OK, let's step back from this a bit. I see this hexdump as a little subsystem 
that has the following facets:

1) a source of bytes
2) a converter to hex
3) a destination

The converter is HexDump.Formatter, which converts and formats a subrange of 
byte[] to a String. Since the user can supply the Formatter function, the result 
String can contain any unicode character. Thus, the destination needs to handle 
any unicode character. It can be a Writer, which accepts String data. Or if you 
want it to write bytes, it can be an OutputStream, which raises the issue of 
encoding (charset). I would recommend against relying on the platform default 
charset, as this has been a source of subtle bugs. The preferred approach these 
days is to default to UTF-8 and provide an overload that takes an explicit charset.

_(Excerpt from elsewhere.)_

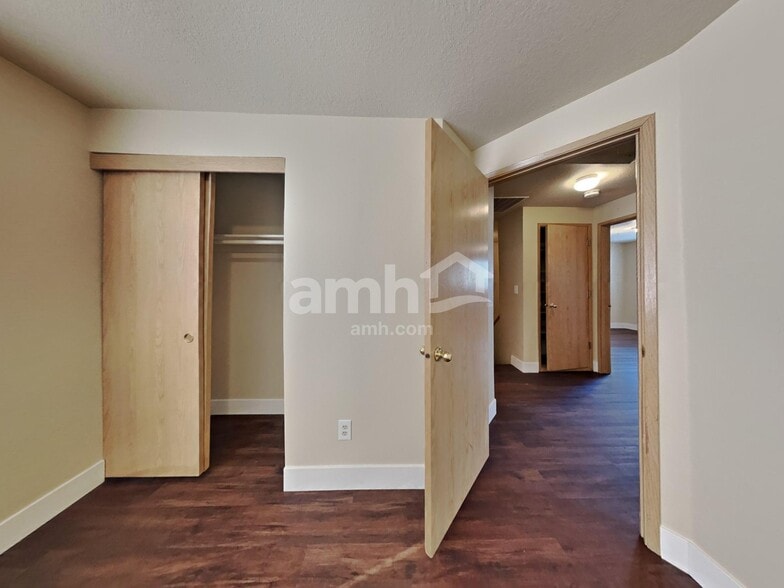 Building Photo - 16978 SW Steele Way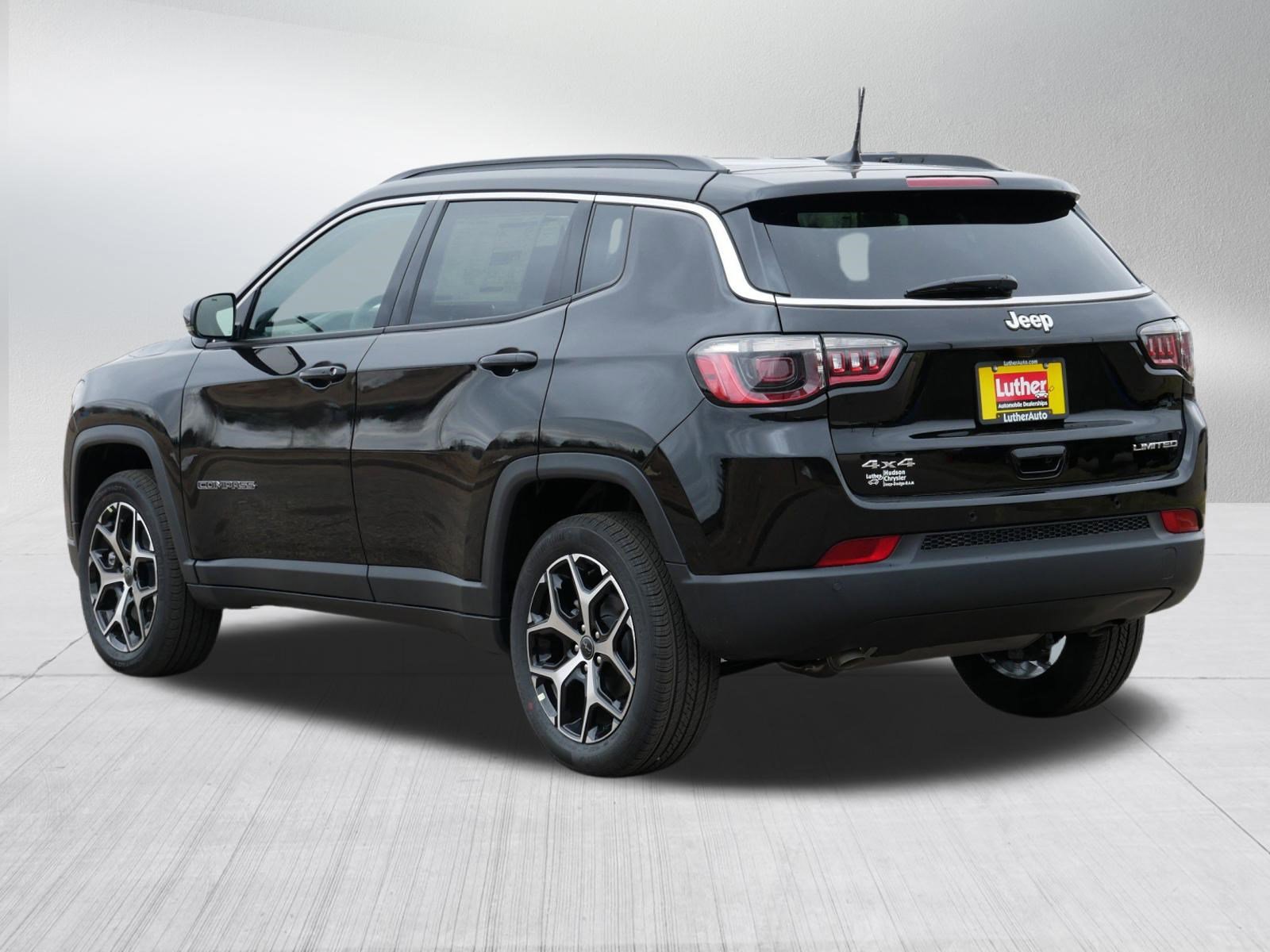 New 2026 Jeep Compass Limited image 3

An alternative is PrintStream. (This overlaps somewhat with your recent exchange 
with Roger on this topic.) PrintStream also does charset encoding, and the 
charset it uses depends on how it's created. I think the same approach should be 
applied as I described above with OutputStream, namely avoid the platform 
default charset; default to UTF-8; and provide an overload that takes an 
explicit charset.

I'm not sure which of these is the right thing. You should decide which is the 
most convenient for the use cases you expect to see. However, the solution needs 
to handle charset encoding. (And it should also properly deal with I/O 
exceptions, per my previous message.)

**

ISO 8859-1 comes up in a different place. The toPrintableString() method (used 
by the default formatter) considers a byte "printable" if it encodes a valid ISO 
8859-1 character. The byte is properly decoded to a String, so this is ok. Note 
this is a distinct issue from the encoding of the OutputStream or PrintStream as 
described above.

(As an aside I think that the encoding of ISO 8859-1 matches the corresponding 
code units of UTF-16, so you don't have to do the new String(..., ISO_8859_1) 
jazz. You can just cast the byte to a char and append it to the StringBuilder.)

s'marks